There is a sequel. We offered the insurance rebuild to Morgan, who said “yes please”. Many weeks later I was told the Plus-4 was ready. Train to Malvern, to find them putting the engine back in. When the car was finally ready I was sorry to see that the smooth tyres had not been changed and even that bent ignition-key had been hammered flat and used again — is pennypinching the term? However, my Morgan was back. I continued to use it until changing it for a black VW Beetle in 1954. Having to hire a Morris 8 when, 11,200 miles after the rebuild that followed my prang, the shaft between Vanguard engine and Moss gearbox sheared, was just too much and the Morgan had to go.

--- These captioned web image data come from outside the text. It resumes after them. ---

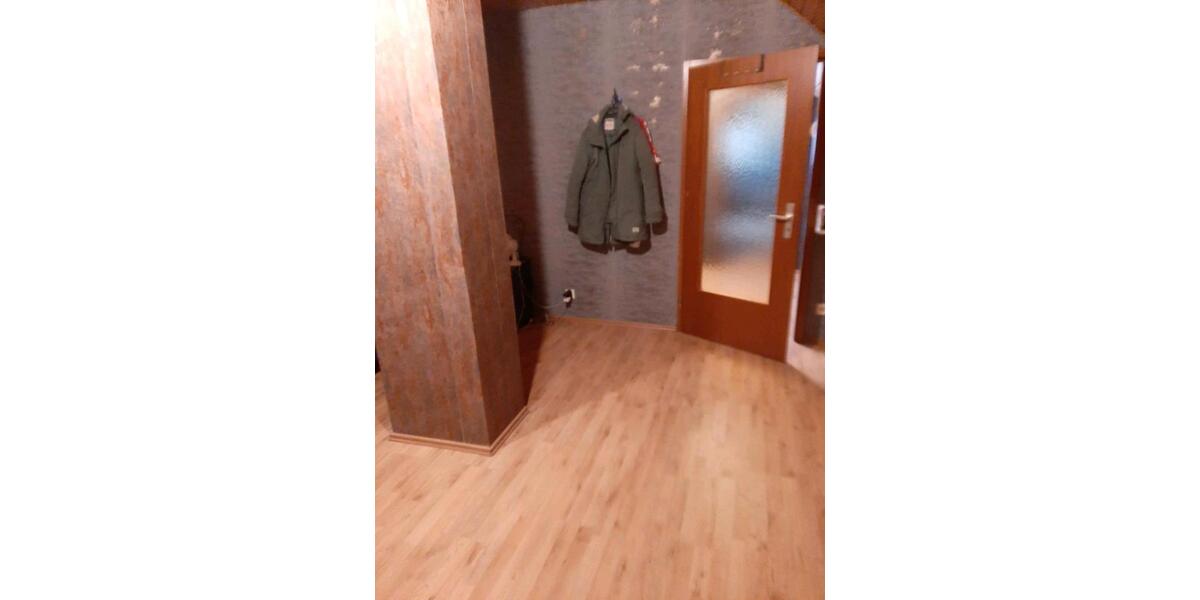Dachgeschoßwohnung Kreuztal - 2 Zimmer, 60 m&sup2;, 430&euro; | Angebot:26413479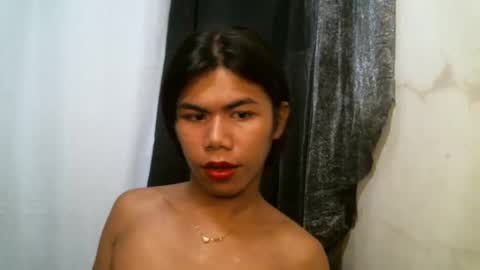 Snapshot of 2mella_reload chatting on October 4, 4:54 am MEL online show from October 4, 4:54 am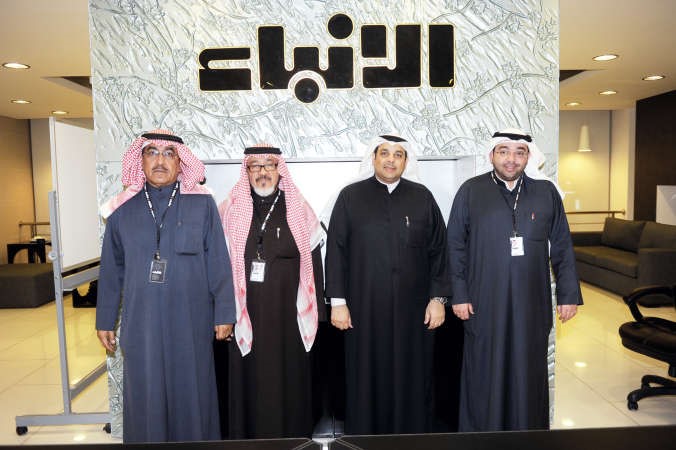رئيس التحرير الزميل يوسف خالد المرزوق ونائب رئيس التحرير الزميل عدنان الراشد ومستشار الادارة العامة الزميل يوسف عبدالرحمن مع الوزير يعقوب الصانع	 هاني الشمري﻿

Looking back, I remember my Morgans with quite a degree of nostalgia. Had the Plus-4 not “folded up” readily when it hit that lorry head-on I might have suffered more than just a cracked fountain pen that was in my breast pocket and three weeks with a bruised chest, although the many clothes I was wearing for that winter drive probably also absorbed the impact. And after KAB 303 had been passed on I used to visit Peter Morgan at each London Show to congratulate him on refusing to “modernise” his splendidly individual sports cars. New engines, more power and a few desirable refinements along the years, but always, as it has to this day, the original concept stood firm. (I recall being slightly sorry to see faired-in headlamps, perhaps necessitated because Lucas was not keen on continuing to make “vintage” lamps, but adjustable seats were another matter — both my Moggys had fixed slab-seats, the cushion supported by a slender wood crossbar and while the driving position was excellent for me, I wondered how six-foot customers fared; the floorboards were unpainted planks, and on the 4/4 you had to unscrew those in the boot to expose the battery…)
It was also fun to look over the little factory at Malvern Link, more or less unchanged from the three-wheeler days and find Peter Morgan in his modest office, making cars for enthusiasts as his father had done before him and enjoying driving his Ferrari when he was not driving his Morgans, and his nice country house — a far cry from those tycoons who battled to run vast corporations such as British Leyland, amid all the hassle, anxiety, and ulcer-production of that very different lifestyle.
Recently I was able to enjoy two laps of the Silverstone Club circuit in KAB 303 with David Harrison who had entered it for the MOTOR SPORT Concours d’Elegance at the HSCC Race Meeting there on September 25. In sparkling condition, the car is not quite as I remembered it, because a previous owner had endowed it with a Triumph TR competition engine, a new twill hood and stoneguards over the headlamps. But how nice to know that this once-ill-fated Morgan has survived and is still appreciated.